This doesn’t look like much–not much color variation–but this was too delicious not to share. After talking about savory pies with internet friends yesterday, and mentioning fish pie, I was craving it. By some miracle, we had all the ingredients pretty much ready to go, so I made it for dinner.
What is fish pie? you may ask. While there are some versions with pastry, it is usually a fish version of shepard’s (lamb) or cottage (beef or pork) pie. The meat is mixed with vegetables and gravy, topped with mashed potatoes, and baked in the oven. Fish pie is made instead with fish and white sauce.
It’s something I first came across years ago when we were first married. Catfish was dirt cheap at the time, and so naturally I was looking for more ways to use it.

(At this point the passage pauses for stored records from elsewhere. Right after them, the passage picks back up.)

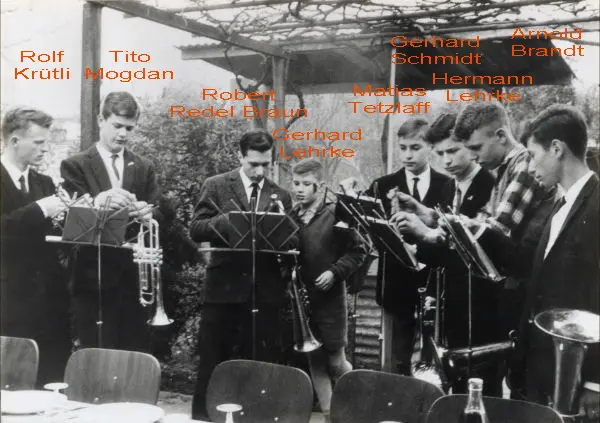 Nueve músicos tocando con atriles en un patio con parral, 1967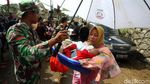 Balita dan Anak-anak Dievakuasi dari Kepungan Banjir di Bekasi
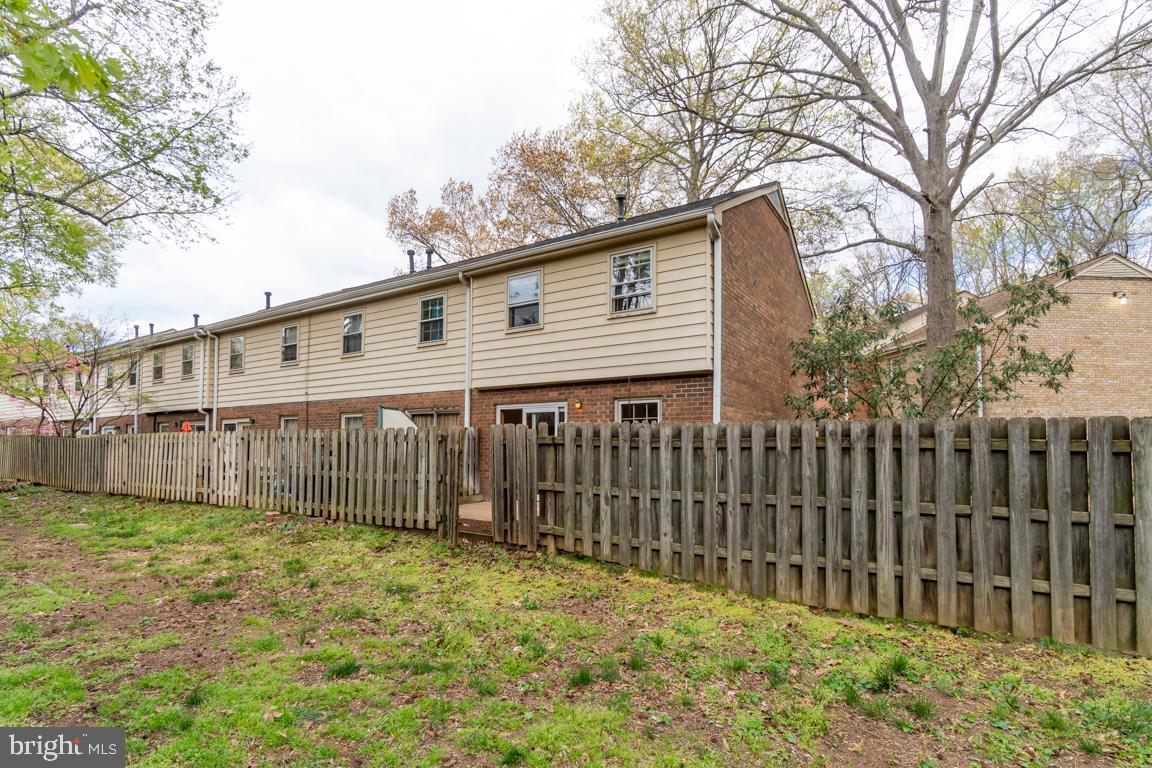 431 Greenbrier Ct., Unit 431 Fredericksburg, VA 22401 - Photo 48 of 49 corner unit with fenced in rear yard with patio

We both love seafood and mashed potatoes, I’m a huge fan of white sauce, so why not give it a try? I’ve made it occasionally since then, and don’t use a recipe anymore. However, I’ll post one below for those who’d like to try it.

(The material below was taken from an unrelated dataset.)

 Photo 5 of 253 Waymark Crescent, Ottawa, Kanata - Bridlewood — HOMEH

- 1 pack imitation crab meat, chopped
- about 20 shrimp (pre-cooked), cut in pieces
- 1/2 bag frozen peas
- 1 small or 1/2 large onion, diced
- 1 Tbsp oil
- 2 cups mashed potatoes
- salt, pepper, and herbs to taste
- 2 large spoonfuls butter
- 2 heaping spoonfuls flour
- Heat a sauce pan with the oil and brown the onions.
- Add peas and enough milk to come to the top of the peas. Cook until no longer frozen.

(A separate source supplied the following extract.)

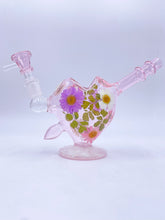 Load image into Gallery viewer, Cupids bow heart bong with real flowers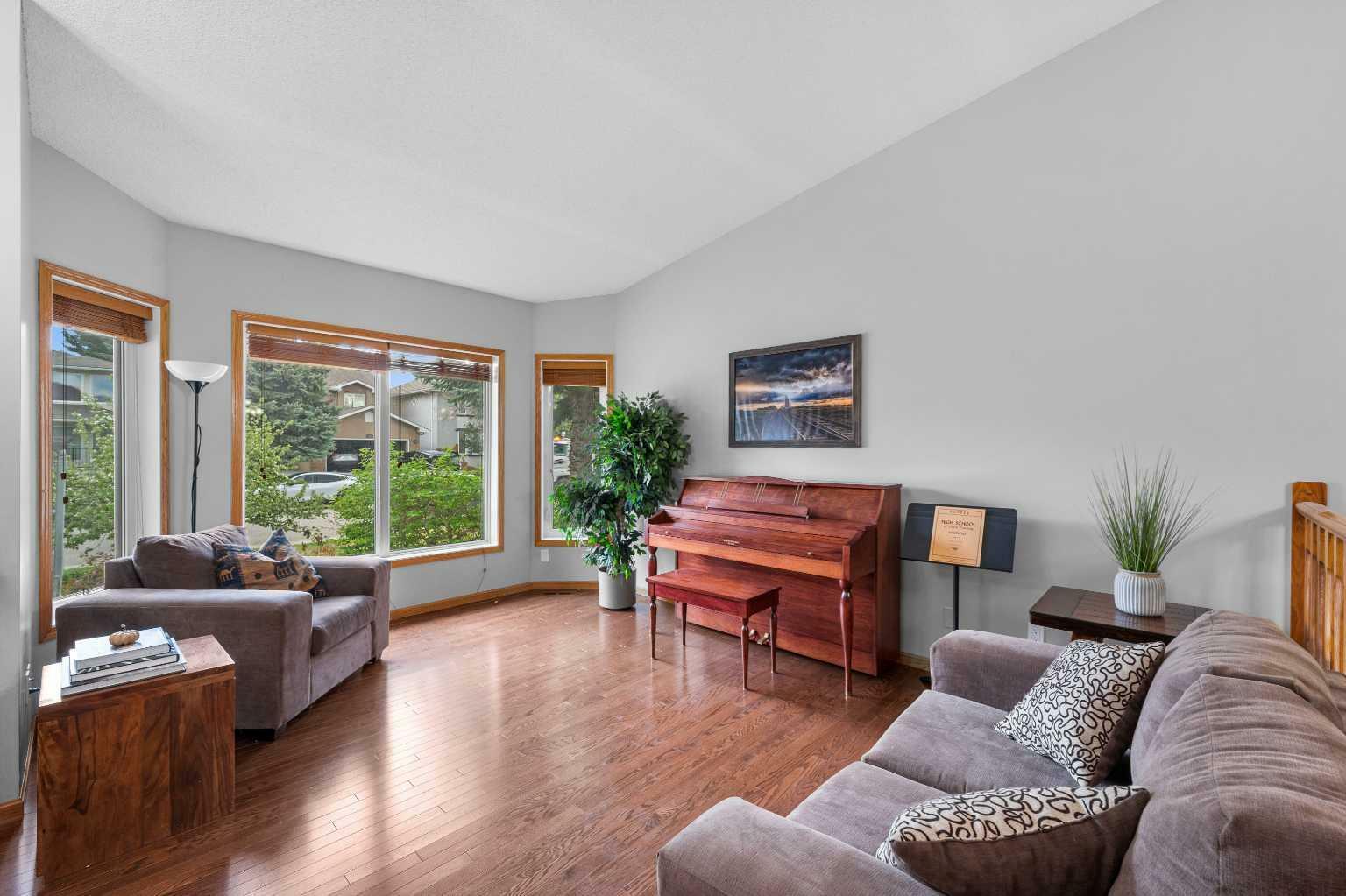 Property Photo: 6105 Signal Ridge Heights SW AB T3H 2N8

- Add imitation crab, and again enough milk to just come to the top.
- Once peas are completely thawed and hot, add the shrimp and enough milk to just come to the top. Add seasonings to taste.
- Cook for just a few minutes, and then strain the milk into a bowl.
- Put fish and pea mixture into a mixing bowl. Set aside.
- Melt butter in sauce pan and add flour. Once combined, slowly mix the reserved milk in to make the white sauce. Season to taste.
- Once white sauce thickens, add to mixing bowl and combine with the seafood mixture. Pour evenly into a pie plate or baking dish.
- Spread mashed potatoes over the fish mixture in an even layer.
- Bake at 350F for 20 minutes, and then 400F for 10 minutes. Place on a baking sheet to catch any sauce that comes over the sides of the baking dish.
- Cool slightly before serving.
- Any seafood can be used in this dish; I generally use what I have on hand. Just ensure it isn’t spoiled and is properly cooked before going in the oven. The best I’ve done so far had scallops in it.
- It’s easier to use pre-cooked or instant mashed potatoes, such as on a week night like I did here, but you can make your own if you desire or have more time.
- Usually, I use lemon pepper in both the fish mixture and sauce, as it goes well with fish, but what herbs and spices you use are up to you.
- The secret to the great taste of this sauce is the reserved milk from the fish. It is absolutely worth it to strain the milk for this one.
- The potatoes I used were frozen Oprah ones from the store–great sale price. I normally don’t go for that kind of branding, but I have to say they were delicious. Would definitely buy again if significantly on sale. The package indicated it also contained cauliflower.
- Like most of my non-baking recipes, don’t worry too much about the measurements here. Use whatever size dish your ingredients turn out to fit well in.